Saved data entries
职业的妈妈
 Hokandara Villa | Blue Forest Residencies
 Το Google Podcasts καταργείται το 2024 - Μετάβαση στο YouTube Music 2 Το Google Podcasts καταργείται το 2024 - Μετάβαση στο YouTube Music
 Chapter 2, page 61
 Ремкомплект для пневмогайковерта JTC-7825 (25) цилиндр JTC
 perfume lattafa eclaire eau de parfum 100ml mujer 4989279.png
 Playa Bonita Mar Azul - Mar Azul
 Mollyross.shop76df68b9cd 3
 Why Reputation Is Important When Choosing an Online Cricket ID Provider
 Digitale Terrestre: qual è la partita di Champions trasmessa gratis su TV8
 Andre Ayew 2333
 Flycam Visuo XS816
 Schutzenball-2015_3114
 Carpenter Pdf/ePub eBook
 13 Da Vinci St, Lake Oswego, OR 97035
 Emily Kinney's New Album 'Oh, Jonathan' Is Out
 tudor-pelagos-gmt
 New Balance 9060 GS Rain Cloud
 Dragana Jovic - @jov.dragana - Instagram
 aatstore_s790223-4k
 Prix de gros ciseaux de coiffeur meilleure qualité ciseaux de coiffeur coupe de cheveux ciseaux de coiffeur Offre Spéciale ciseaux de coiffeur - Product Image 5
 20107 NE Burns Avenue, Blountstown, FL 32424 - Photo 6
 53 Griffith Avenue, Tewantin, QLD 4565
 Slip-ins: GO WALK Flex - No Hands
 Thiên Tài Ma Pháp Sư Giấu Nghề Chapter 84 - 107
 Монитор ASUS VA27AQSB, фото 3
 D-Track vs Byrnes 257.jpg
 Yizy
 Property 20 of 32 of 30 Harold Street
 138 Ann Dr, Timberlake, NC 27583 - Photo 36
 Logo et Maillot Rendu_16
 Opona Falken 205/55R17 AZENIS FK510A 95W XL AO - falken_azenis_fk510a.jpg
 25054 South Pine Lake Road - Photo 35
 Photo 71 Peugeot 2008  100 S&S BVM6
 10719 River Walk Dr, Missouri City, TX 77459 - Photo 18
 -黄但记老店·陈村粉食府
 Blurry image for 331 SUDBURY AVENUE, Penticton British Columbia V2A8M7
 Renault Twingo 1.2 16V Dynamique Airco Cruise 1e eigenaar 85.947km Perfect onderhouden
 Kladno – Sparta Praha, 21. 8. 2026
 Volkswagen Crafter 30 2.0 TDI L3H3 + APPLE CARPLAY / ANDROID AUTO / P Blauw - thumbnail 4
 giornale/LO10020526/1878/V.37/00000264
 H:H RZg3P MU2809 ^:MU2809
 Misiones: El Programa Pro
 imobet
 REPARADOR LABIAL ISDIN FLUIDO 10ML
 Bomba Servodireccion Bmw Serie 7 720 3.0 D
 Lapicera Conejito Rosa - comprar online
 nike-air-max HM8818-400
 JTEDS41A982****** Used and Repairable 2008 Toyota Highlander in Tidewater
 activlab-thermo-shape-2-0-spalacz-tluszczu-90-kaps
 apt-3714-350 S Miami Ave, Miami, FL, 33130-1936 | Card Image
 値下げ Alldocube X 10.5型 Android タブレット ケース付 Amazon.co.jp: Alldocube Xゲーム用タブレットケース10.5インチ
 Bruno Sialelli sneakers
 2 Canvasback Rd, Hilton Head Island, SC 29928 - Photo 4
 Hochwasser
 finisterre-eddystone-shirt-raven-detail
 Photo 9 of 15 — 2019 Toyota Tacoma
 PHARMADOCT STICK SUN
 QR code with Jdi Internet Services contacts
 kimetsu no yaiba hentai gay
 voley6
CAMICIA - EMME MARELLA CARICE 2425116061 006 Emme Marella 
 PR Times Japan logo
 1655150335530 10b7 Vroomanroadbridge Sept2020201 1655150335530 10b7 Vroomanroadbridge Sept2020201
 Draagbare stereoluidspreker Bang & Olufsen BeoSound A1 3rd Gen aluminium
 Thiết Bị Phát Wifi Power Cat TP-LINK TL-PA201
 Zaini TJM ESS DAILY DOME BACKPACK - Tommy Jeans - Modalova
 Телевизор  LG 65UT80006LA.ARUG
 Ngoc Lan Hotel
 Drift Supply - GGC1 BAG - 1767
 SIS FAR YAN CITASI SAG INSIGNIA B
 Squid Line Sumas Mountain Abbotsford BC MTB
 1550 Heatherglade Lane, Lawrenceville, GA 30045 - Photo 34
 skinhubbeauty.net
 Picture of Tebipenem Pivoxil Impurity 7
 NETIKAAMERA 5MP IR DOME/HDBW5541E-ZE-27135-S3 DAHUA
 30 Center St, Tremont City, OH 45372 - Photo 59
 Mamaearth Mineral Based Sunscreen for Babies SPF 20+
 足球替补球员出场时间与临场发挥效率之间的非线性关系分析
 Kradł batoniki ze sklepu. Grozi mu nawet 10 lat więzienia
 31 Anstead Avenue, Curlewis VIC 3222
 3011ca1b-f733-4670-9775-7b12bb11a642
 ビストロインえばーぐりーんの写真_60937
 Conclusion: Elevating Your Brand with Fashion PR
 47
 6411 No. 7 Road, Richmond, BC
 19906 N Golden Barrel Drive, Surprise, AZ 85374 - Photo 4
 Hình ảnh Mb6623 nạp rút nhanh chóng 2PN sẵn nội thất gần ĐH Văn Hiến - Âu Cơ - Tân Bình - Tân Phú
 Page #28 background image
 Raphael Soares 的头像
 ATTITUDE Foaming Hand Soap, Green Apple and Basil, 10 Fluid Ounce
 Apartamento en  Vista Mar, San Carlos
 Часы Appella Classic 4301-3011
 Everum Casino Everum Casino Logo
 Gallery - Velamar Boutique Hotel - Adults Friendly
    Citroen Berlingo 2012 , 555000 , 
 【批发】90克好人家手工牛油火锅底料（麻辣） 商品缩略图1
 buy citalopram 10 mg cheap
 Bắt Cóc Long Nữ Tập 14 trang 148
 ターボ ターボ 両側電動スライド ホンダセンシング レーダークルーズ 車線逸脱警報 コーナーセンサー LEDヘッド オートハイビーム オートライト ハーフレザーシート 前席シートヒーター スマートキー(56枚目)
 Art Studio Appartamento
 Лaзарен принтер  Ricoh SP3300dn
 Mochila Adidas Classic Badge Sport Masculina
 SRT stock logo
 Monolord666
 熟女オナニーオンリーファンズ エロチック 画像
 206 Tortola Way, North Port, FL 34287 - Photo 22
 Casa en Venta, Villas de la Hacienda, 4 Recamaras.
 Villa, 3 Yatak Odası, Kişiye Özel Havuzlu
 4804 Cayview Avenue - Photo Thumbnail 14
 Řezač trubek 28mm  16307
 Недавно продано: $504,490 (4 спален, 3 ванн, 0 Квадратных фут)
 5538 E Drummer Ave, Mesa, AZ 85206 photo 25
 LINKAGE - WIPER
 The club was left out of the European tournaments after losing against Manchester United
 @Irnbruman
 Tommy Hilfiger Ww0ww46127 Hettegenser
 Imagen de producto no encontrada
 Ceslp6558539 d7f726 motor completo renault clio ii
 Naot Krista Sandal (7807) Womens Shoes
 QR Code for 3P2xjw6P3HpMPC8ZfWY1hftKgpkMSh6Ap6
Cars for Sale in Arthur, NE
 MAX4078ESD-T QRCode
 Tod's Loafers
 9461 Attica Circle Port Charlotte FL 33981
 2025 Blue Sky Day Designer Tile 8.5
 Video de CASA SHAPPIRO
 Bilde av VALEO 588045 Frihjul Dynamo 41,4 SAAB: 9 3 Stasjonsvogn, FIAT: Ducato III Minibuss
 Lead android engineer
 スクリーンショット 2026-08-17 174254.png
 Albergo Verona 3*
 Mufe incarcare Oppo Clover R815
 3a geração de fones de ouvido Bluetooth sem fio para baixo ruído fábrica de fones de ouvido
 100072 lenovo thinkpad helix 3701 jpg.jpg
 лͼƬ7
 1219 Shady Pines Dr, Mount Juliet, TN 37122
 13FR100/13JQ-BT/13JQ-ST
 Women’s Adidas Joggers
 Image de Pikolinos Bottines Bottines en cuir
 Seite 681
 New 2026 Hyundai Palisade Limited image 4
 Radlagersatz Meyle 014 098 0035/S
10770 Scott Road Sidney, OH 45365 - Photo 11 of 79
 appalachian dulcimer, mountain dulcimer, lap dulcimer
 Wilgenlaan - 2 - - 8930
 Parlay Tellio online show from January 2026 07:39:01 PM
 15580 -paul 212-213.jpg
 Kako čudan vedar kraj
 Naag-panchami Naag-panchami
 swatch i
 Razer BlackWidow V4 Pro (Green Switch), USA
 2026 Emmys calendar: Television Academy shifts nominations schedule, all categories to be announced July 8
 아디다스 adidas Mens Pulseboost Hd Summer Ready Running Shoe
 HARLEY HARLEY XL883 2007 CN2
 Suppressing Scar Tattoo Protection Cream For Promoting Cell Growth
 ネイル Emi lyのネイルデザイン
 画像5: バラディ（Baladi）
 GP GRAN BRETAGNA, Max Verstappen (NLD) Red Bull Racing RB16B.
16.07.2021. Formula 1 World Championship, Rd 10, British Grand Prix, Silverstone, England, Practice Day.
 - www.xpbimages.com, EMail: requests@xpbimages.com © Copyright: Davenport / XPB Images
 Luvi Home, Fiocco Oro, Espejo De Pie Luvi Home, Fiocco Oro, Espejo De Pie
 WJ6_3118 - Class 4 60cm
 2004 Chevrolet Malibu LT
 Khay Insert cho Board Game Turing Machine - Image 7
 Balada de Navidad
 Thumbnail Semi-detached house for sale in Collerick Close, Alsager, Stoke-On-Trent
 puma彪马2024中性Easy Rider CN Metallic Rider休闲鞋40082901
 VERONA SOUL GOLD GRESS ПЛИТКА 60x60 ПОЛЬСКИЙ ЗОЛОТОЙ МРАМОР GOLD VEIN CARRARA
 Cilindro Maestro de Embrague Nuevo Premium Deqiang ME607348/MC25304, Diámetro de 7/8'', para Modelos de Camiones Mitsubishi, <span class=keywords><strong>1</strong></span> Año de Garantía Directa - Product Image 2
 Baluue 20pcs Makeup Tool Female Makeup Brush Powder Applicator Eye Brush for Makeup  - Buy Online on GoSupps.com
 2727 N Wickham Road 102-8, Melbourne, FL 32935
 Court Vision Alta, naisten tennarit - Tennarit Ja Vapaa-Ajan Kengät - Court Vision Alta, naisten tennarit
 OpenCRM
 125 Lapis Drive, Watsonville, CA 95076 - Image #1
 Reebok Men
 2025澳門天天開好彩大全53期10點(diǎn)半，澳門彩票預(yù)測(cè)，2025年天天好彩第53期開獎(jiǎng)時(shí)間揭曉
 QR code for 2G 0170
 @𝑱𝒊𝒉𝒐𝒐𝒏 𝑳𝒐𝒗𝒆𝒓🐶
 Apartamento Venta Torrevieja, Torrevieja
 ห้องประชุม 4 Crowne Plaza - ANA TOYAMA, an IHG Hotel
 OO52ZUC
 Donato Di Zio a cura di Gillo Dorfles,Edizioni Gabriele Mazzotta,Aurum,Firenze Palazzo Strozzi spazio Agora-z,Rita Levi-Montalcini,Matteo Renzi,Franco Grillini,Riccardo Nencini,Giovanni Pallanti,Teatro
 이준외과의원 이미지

# Aim of the task
An exact copy of the lines above between the line holding "ターボ ターボ 両側電動スライド" and the line holding "熟女オナニーオンリーファンズ エロチック 画像", inclusive, is the whole answer.

# Solution for this task
 ターボ ターボ 両側電動スライド ホンダセンシング レーダークルーズ 車線逸脱警報 コーナーセンサー LEDヘッド オートハイビーム オートライト ハーフレザーシート 前席シートヒーター スマートキー(56枚目)
 Art Studio Appartamento
 Лaзарен принтер  Ricoh SP3300dn
 Mochila Adidas Classic Badge Sport Masculina
 SRT stock logo
 Monolord666
 熟女オナニーオンリーファンズ エロチック 画像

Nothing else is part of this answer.